図10は、第4の実施形態における車両制御装置100Cを中心とした構成の一例を示す図である。第4の実施形態における検知デバイス10は、例えば、レーダ、カメラ、ファインダを含む。また、車両制御装置100Cが搭載される自車両Mには、さらに自動運転切替スイッチ70と、ナビゲーション装置80と、ステアリング装置94とが搭載される。
自動運転切替スイッチ70は、自動運転モードまたは手動運転モードを切り替える指示操作を受け付けるスイッチである。自動運転切替スイッチ70は、自動運転モードを開始させる指示操作を受け付けると、当該指示操作を示す指示信号を車両制御装置100Cに出力する。
ナビゲーション装置80は、GNSS(Global Navigation Satellite System)受信機や地図情報(ナビ地図)、ユーザインターフェースとして機能するタッチパネル式表示装置、スピーカ、マイク等を有する。ナビゲーション装置80は、GNSS受信機によって自車両Mの位置を特定し、その位置からユーザによって指定された目的地までの経路を導出する。ナビゲーション装置80により導出された経路は、車両制御装置100Cの目標車線決定部136に提供される。自車両Mの位置は、車両センサ30の出力(検出値)を利用したINS(Inertial Navigation System)によって特定または補完されてもよい。また、ナビゲーション装置80は、車両制御装置100Cが手動運転モードを実行している際に、目的地に至る経路について音声やナビ表示によって案内を行う。
ステアリング装置94は、例えば、ステアリングECUと、電動モータとを備える。電動モータは、例えば、ラックアンドピニオン機構に力を作用させて転舵輪の向きを変更する。ステアリングECUは、車両制御装置100から入力される情報、或いは操作検出センサ42により出力されるステアリング操舵角またはステアリングトルクの情報に従って電動モータを駆動し、転舵輪の向きを変更させる。

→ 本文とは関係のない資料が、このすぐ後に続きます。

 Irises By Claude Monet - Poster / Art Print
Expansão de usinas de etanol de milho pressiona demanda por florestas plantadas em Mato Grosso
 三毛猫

第4の実施形態における車両制御装置100Cは、例えば、上述した第1から第3の実施形態における構成に加えて、さらに目標車線決定部136と、自車位置認識部138と、自動運転制御部140とを備える。また、第4の実施形態における記憶部150Cには、さらに高精度地図情報154、目標車線情報156、および行動計画情報158が格納される。高精度地図情報154は、ナビゲーション装置80が有するナビ地図よりも高精度な地図情報である。高精度地図情報154は、例えば、車線の中央の情報あるいは車線の境界の情報等を含んでいる。また、高精度地図情報154には、道路情報、交通規制情報(工事や交通事故、渋滞等によって車線が封鎖されているといった情報)などが含まれてよい。道路情報には、高速道路、有料道路、国道、都道府県道といった道路の種別を表す情報や、道路の車線数、各車線の幅員、道路の勾配、道路の位置(経度、緯度、高さを含む3次元座標)、車線のカーブの曲率、車線の合流および分岐ポイントの位置、道路に設けられた標識等の情報が含まれる。

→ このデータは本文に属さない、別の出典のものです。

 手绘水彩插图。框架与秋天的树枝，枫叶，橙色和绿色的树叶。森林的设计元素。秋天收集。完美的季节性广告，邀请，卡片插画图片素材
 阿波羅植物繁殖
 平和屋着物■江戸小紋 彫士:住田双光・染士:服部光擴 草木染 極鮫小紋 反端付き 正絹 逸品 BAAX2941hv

目標車線決定部136は、例えば、MPUにより実現される。目標車線決定部136は、ナビゲーション装置80から提供された経路を複数のブロックに分割し(例えば、車両進行方向に関して100[m]毎に分割し)、高精度地図情報154を参照してブロックごとに目標車線を決定する。目標車線決定部136は、例えば、左から何番目の車線を走行するといった決定を行う。目標車線決定部136は、例えば、経路において分岐箇所や合流箇所などが存在する場合、自車両Mが、分岐先に進行するための合理的な走行経路を走行できるように、目標車線を決定する。目標車線決定部136により決定された目標車線は、目標車線情報156として記憶部150Cに記憶される。
自車位置認識部138は、例えば、高精度地図情報154から認識される道路区画線のパターン(例えば実線と破線の配列)と、検知デバイス10に含まれるカメラによって撮像された画像から認識される自車両Mの周辺の道路区画線のパターンとを比較することで、走行車線を認識する。この認識において、ナビゲーション装置80から取得される自車両Mの位置やINSによる処理結果が加味されてもよい。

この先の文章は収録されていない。